I'm seeing notices pop-up about relief efforts.

Does anyone have any advice/suggestions/thoughts/experience on where to donate money and resources such that they will actually get to the people who are being affected, and not just corrupt government bodies/relief agencies with ridiculously high overhead/terrorist groups (those assisting with relief efforts notwithstanding)?
posted by dry white toast at 3:50 PM on August 9, 2010


> Does anyone have any advice/suggestions/thoughts/experience on where to donate money and resources such that they will actually get to the people who are being affected, and not just corrupt government bodies/relief agencies with ridiculously high overhead/terrorist groups (those assisting with relief efforts notwithstanding)?

Islamic Relief already had people in the affected areas and is consistently a very well rated charity
posted by Burhanistan at 4:03 PM on August 9, 2010 [1 favorite]

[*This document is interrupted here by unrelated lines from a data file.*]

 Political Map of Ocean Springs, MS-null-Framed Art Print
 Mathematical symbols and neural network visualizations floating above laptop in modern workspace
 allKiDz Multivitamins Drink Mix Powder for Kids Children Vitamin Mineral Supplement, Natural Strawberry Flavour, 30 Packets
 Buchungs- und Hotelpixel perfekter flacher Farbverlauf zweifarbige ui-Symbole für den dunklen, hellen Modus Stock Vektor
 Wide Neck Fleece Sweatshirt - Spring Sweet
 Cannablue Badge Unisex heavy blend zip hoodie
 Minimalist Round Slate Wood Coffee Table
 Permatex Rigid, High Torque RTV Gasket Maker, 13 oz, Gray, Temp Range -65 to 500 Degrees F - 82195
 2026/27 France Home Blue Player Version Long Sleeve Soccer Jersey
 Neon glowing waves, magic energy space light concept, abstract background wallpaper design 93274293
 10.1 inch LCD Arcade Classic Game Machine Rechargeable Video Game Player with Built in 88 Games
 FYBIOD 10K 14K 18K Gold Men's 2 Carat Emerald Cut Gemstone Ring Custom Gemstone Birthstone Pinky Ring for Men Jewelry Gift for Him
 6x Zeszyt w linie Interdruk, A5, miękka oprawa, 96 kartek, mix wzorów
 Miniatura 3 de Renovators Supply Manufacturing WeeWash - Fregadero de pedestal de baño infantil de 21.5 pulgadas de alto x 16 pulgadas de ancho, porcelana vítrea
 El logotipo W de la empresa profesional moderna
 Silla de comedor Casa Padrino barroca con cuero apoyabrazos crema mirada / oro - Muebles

I tend to use DEC or Oxfam, but I'm not sure if they're both UK companies. And apart from gut feeling, I can't objectively vouch for where the money goes.
posted by seanyboy at 4:06 PM on August 9, 2010


Virgin Atlantic airlines didn't know there was any flooding.
posted by Evilspork at 4:41 PM on August 9, 2010


Although I see the immense value of documenting what people face in disasters, I can't help feeling like a bit of a voyeur when I see pictures of people suffering, especially when I'm safely on the other side of the world.
posted by no mind at 10:09 PM on August 9, 2010 [1 favorite]


> I can't help feeling like a bit of a voyeur when I see pictures of people suffering, especially when I'm safely on the other side of the world.

The pictures have their potential realized when you're moved to take the time to donate some money to assist.
posted by Burhanistan at 10:32 PM on August 9, 2010 [1 favorite]


If you're in the UK - or not - you can donate to the DEC. The Disasters Emergency Committee (DEC) is a non-partisan umbrella organisation for 13 major charities.
posted by MuffinMan at 1:35 AM on August 10, 2010 [1 favorite]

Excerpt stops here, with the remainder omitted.